The spokesperson said the government was considering recommendations related to residues testing made in the review.

Other documents reveal further concerns about the NRS, which covers only a limited number of products for export – mainly meat products.

In the documents, from February this year, the department acknowledges it is not in a position to verify the results of the survey that appear on its website because the actual testing is done by industry bodies using private laboratories.

In 2014, Greg Read, then the first assistant secretary in the agriculture department, responded to a proposal to introduce more comprehensive residue testing for fish products for export.

“Agreed. Difficult to certify without a credible residue survey program. Keep at it,” he wrote.

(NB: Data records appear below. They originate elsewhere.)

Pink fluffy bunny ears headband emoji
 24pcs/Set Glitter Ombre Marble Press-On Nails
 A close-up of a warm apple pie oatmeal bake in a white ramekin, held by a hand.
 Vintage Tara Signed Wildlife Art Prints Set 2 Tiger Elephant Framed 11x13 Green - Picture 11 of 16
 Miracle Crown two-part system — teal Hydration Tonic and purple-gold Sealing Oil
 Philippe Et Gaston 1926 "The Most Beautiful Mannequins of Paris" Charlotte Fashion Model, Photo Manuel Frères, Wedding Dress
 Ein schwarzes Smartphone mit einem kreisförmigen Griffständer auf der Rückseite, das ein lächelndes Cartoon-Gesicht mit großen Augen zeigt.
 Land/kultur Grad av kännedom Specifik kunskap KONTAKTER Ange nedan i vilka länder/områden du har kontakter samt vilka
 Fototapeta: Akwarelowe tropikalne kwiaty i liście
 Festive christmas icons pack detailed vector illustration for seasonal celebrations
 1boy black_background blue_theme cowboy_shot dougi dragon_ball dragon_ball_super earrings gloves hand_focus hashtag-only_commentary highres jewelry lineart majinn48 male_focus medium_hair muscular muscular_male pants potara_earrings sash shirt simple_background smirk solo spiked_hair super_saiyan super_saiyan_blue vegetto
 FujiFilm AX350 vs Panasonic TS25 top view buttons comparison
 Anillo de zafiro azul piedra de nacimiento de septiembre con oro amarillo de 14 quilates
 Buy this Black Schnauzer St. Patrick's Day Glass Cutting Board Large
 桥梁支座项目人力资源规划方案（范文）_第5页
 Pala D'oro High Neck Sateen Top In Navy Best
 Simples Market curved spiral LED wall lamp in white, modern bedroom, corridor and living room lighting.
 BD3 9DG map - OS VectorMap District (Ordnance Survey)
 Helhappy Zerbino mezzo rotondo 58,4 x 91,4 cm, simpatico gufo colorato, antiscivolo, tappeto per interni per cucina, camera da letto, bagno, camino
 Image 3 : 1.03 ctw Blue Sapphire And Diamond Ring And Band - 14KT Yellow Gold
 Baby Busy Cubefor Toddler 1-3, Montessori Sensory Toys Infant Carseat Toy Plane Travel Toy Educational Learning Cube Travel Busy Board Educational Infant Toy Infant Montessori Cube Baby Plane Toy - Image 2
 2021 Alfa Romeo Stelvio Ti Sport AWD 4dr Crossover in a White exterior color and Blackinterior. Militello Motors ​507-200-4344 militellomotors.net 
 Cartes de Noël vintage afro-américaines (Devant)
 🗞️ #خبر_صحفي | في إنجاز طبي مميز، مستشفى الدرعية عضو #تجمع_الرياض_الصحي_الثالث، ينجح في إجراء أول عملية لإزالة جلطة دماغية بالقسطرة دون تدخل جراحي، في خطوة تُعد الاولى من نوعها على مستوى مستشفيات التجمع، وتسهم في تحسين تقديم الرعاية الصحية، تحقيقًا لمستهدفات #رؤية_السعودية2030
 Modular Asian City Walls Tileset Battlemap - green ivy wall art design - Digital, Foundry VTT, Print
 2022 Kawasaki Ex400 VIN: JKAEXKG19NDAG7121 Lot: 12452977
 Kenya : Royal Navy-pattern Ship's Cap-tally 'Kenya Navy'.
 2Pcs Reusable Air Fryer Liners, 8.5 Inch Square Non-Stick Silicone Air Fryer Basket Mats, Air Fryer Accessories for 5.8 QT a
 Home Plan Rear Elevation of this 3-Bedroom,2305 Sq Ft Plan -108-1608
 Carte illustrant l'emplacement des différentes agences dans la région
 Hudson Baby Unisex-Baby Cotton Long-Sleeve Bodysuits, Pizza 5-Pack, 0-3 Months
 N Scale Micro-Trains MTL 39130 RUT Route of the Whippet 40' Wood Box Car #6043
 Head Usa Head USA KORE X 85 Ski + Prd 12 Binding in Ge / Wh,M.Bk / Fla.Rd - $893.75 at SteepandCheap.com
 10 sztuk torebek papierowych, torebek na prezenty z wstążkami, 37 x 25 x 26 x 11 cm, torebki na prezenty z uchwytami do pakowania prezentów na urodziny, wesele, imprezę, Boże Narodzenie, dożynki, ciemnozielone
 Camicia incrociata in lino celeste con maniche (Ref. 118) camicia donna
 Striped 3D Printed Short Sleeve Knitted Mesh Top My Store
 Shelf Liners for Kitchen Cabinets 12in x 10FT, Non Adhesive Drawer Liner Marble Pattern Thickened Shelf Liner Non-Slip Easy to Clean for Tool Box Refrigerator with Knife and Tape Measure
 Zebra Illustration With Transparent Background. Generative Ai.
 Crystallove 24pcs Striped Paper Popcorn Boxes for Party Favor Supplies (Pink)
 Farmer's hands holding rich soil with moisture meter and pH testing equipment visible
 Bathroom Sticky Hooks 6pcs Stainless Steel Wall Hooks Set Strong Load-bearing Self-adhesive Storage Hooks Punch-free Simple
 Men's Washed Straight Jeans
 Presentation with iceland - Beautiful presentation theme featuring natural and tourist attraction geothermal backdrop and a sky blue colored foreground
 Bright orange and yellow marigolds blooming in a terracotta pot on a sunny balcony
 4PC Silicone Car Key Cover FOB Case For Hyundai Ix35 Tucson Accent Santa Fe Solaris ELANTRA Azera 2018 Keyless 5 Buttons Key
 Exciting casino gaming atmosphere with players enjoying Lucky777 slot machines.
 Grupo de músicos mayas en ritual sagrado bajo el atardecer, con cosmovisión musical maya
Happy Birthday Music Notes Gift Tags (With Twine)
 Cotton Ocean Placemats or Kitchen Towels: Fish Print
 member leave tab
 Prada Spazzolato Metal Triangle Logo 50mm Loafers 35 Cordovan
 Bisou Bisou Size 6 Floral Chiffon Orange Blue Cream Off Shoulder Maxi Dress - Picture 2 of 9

But after 2014, monitoring was wound back with the abandonment of the pilot broader survey.

In March this year matters came to a head, amid queries from the European Commission about Australia’s system and a requirement to lodge details of Australia’s monitoring system.

“Currently there is no formal requirement for participation in a recognised monitoring program in the export control rules (other than for poultry through AS4465),” Anna Somerville, the head of export controls, wrote in February.

“The department currently relies on the cooperation of industry. Comparable countries such as New Zealand, Canada, United States and member states of the European Union have national residue monitoring programs in place across multiple commodities.”

The Cattle Council of Australia also raised concerns about the reputational risk to Australia’s beef trade, noting incidences of “non-tariff measures” being applied to Australian meat exports at ports around the world because of detections of residues.

In October 2021 Australian Country Choice in Brisbane had its trade to China suspended after customs officials at the port of Ningbo allegedly found residue from the banned chemical chloramphenicol on beef products. It was one of 10 meat exporters to have its licence suspended by China.

The cattle council said “a national whole-of-industry integrity system that delivers consistency in policy across the whole supply chain and guarantees food safety and global consumer confidence in Australian beef was a priority”.

It wanted the agriculture department to stump up nearly $800,000 to design a new system.

The documents also reveal that the traceback system – which is used to find the origin of the contamination in exported meat – has problems.

“Existing contractual arrangements between NRS and jurisdictions require completion of traceback investigations within 28 days of when the traceback is initiated,” one document says.

However, a review of 285 residue violations since 2014 selected at random found that only 34% of all traceback investigations were completed within a 28-day timeframe, with an average total time elapsed of 100 days and a median of 42 days.

“The time taken to complete these investigations is untenable and requires correction,” the department said.

Asked about the delays, the department said tracebacks were the responsibility of state and territory governments.

In February, the department called for expressions of interest from veterinary facilities to provide an assurance system for the NRS because it was not able to provide verification to trading partners about the certificates being provided by Australian producers.

The tenderer would be required to dose animals with known quantities of specified agricultural and veterinary chemicals that can potentially cause problems in meat and then harvest tissue samples from the animals to determine residues.

The results would be used to verify the performance of the laboratories being used by meat producers.

“As with all countries, Australia occasionally detects residues that require attention,” the department said.

“Additionally, importing countries occasionally detect residues in Australian exports that require investigation. Investigations of these detections has not indicated levels of concern for consumer health and importantly determined the residues were not due to illegal use.”